Take all these factors into consideration, plus a photogenic dog, and it’s difficult to go wrong. The chief limitation of phone photography is the difficulty of taking action photographs, for which you really need at least a bridge camera or a digital single lens reflex (DSLR). I specialise in action shots, for which modern autofocusing DSLRs are perfect. My success ratio with a manual focus camera and long lens was never great but the latest DSLRs will focus accurately on a dog galloping straight towards you.

Phone photographs feature a huge depth of field, with everything sharp and in focus from inches in front of you to infinity. There are times when this contributes to the success of the photograph but one of the many advantages of using a DSLR is that with a long lens and large aperture (the f setting) you can throw the foreground and background out of focus, so only the subject is sharp. This is particularly useful for dog photography – portraits invariably look best with nothing to detract your eye from the dog. Combine a long lens with a slow shutter speed and swing the camera through the dog as it runs, as if you were shooting a rabbit, and you can take photographs that really give a sense of movement. Such pictures are often more atmospheric than a pin-sharp picture captured with a high shutter speed.

PHOTOGENIC DOGS

If you experiment with your photography you will soon find that some dogs are more photogenic than others. Photographing black dogs is a nightmare, as the camera’s built-in light meter becomes confused. My best labrador photographs are invariably of yellow or fox-red dogs, both of which are perfect for pictures, just like golden retrievers. The latter also score highly as they have a higher head carriage than a labrador, which makes them more photogenic.

Spaniels offer great opportunities for action photographs but are a real challenge. Cockers are particularly tricky as they change direction as quickly as a stoat; springers, being bigger, are easier. Perhaps the most exciting dogs to photograph are pointers and setters working on a grouse moor. Because they tend to work a set pattern they are relatively predictable, so action shots are easier than you might imagine.

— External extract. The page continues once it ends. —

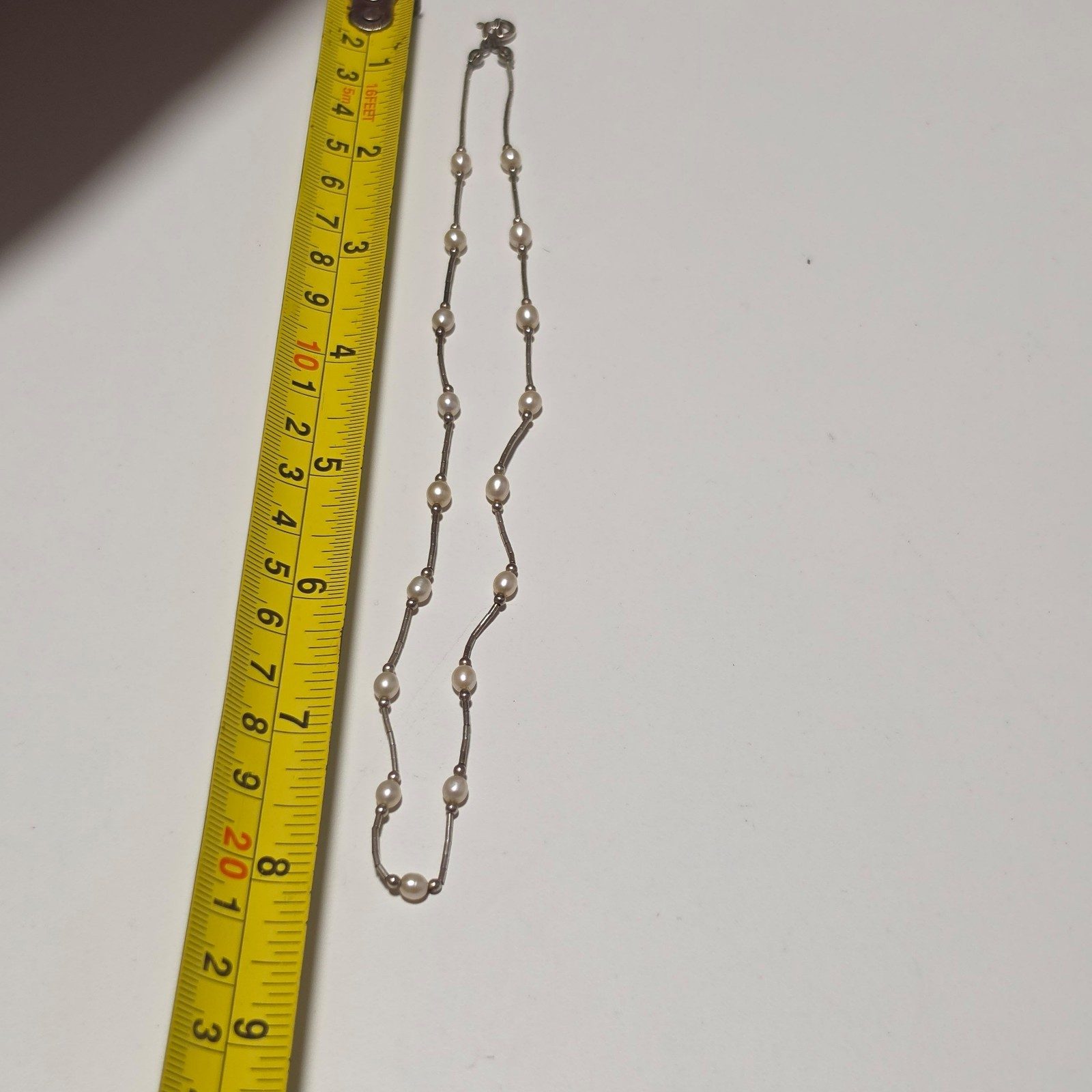 925 Silver & White Pearl Necklace .b6 image 4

Arguably the ultimate gundog photograph is of the retrieve. Don’t be tempted to take a stiff bird out of the game larder, as they never look good in photographs. The best pictures are always of a bird that has just been shot. By all means take the freshly shot bird and hide it again to get that perfect photograph but don’t be tempted to do this with a bird shot even half an hour before, as it just won’t look right.

One ambition was to photograph a setter retrieving. In this country it’s rare to ask pointers or setters to retrieve, as it’s generally thought that finding and pointing the quarry is sufficient work for them. On most moors spaniels or retrievers do the picking-up. That’s not the case on the Continent, so when I spent three days pursuing willow grouse with Irish red setters in northern Sweden I was optimistic that I would get my shot. Frustratingly, I failed. The dogs were accomplished retrievers but the grouse proved far too elusive and not a single bird was shot.

However, there is a growing tend for British handlers to train their dogs to retrieve, mainly because Continental competitions insist that all dogs can hunt, point and retrieve. I finally got my shot of an Irish setter retrieving a grouse on a Yorkshire moor three seasons ago, a highly satisfying moment.

Entries for this year’s Gundog Awards have closed but that gives you plenty of time to take the shot that will win next year’s competition. And don’t forget that The Field also features photographs of the month – so why not have a go?